** EXERCISE GOAL **
The full set of lines below has to be duplicated exactly, with no picture kept.

** RAW DATA **
-=-=-

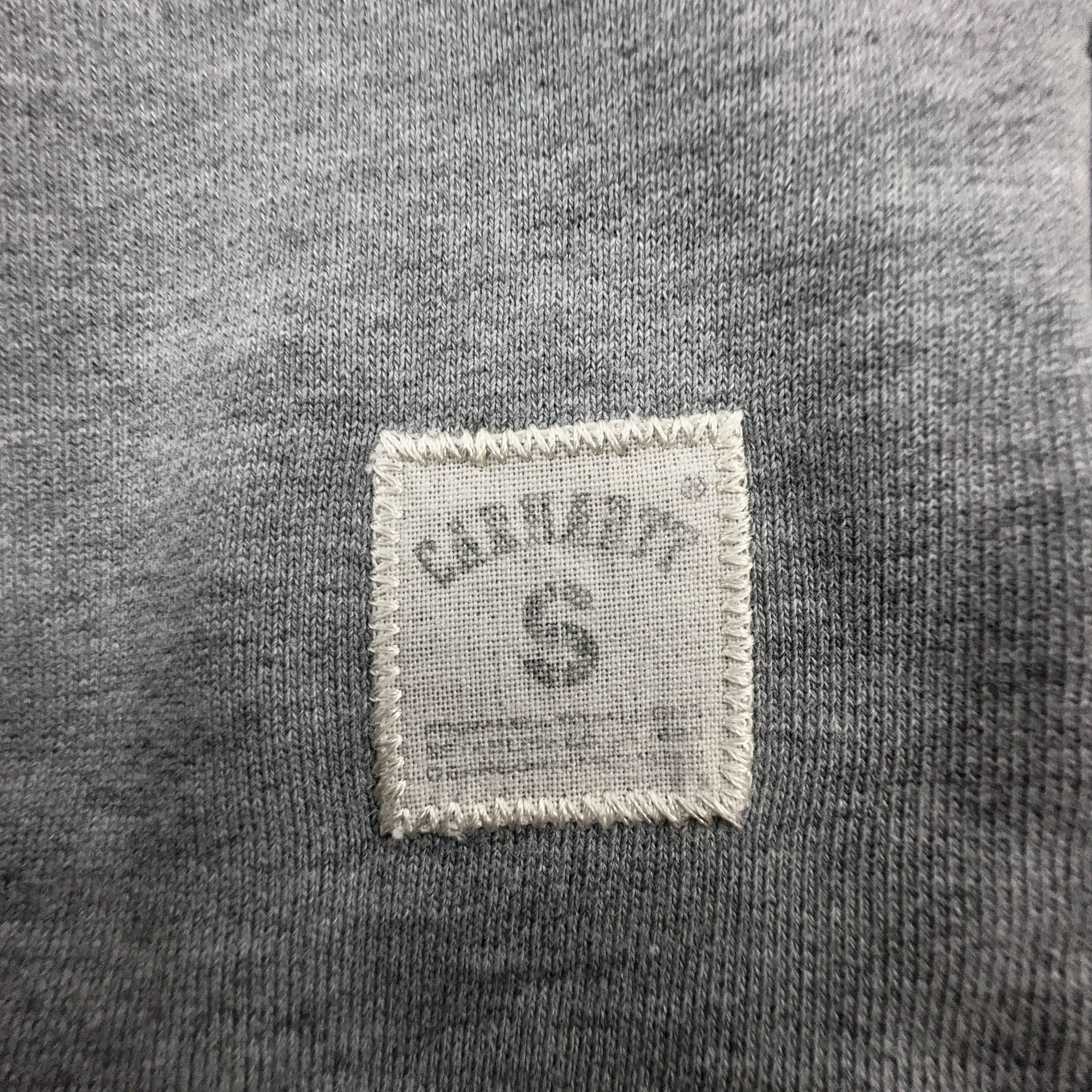 Felpa Carhartt grigia e blu a girocollo 80% cotone - Taglia S uomo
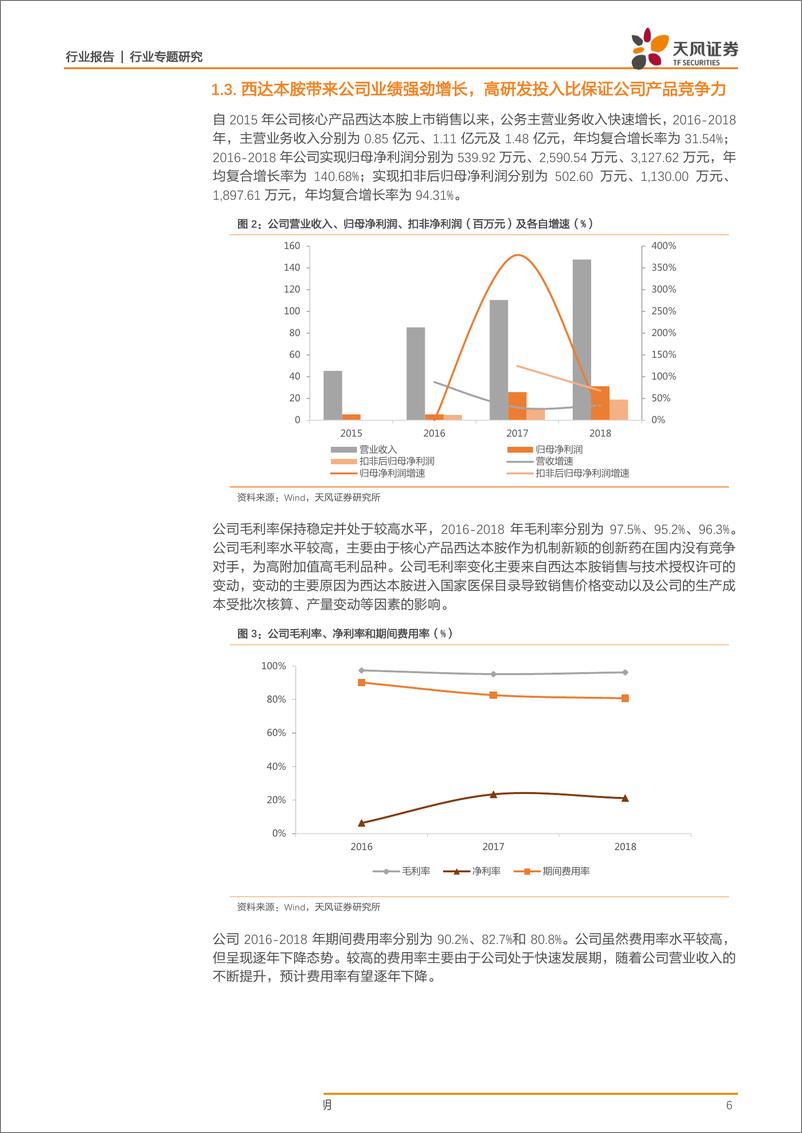 《医药生物行业科创板系列报告四：“微”阵列基因“芯”片的领跑者，小分子原创新药的弄潮儿-20190411-天风证券-18页》 - 第7页预览图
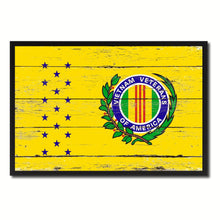 Load image into Gallery viewer, Vietnam War American Veterans Military Flag Vintage Canvas Print with Picture Frame Home Decor Man Cave Wall Art Collectible Decoration Artwork Gifts
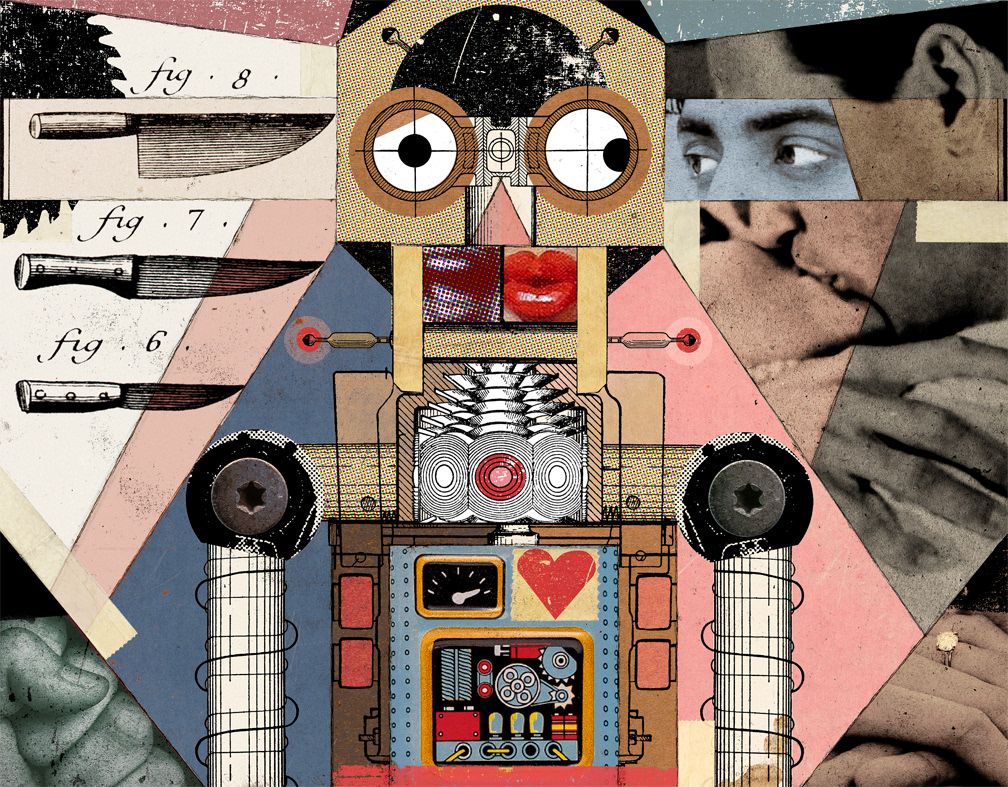 collage surrealism ILLUSTRATION  editorial digital Assemblage robots The New York times newspaper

-=-=-

** EXPECTED ANSWER **
 Felpa Carhartt grigia e blu a girocollo 80% cotone - Taglia S uomo
 《医药生物行业科创板系列报告四：“微”阵列基因“芯”片的领跑者，小分子原创新药的弄潮儿-20190411-天风证券-18页》 - 第7页预览图
 Load image into Gallery viewer, Vietnam War American Veterans Military Flag Vintage Canvas Print with Picture Frame Home Decor Man Cave Wall Art Collectible Decoration Artwork Gifts
 collage surrealism ILLUSTRATION  editorial digital Assemblage robots The New York times newspaper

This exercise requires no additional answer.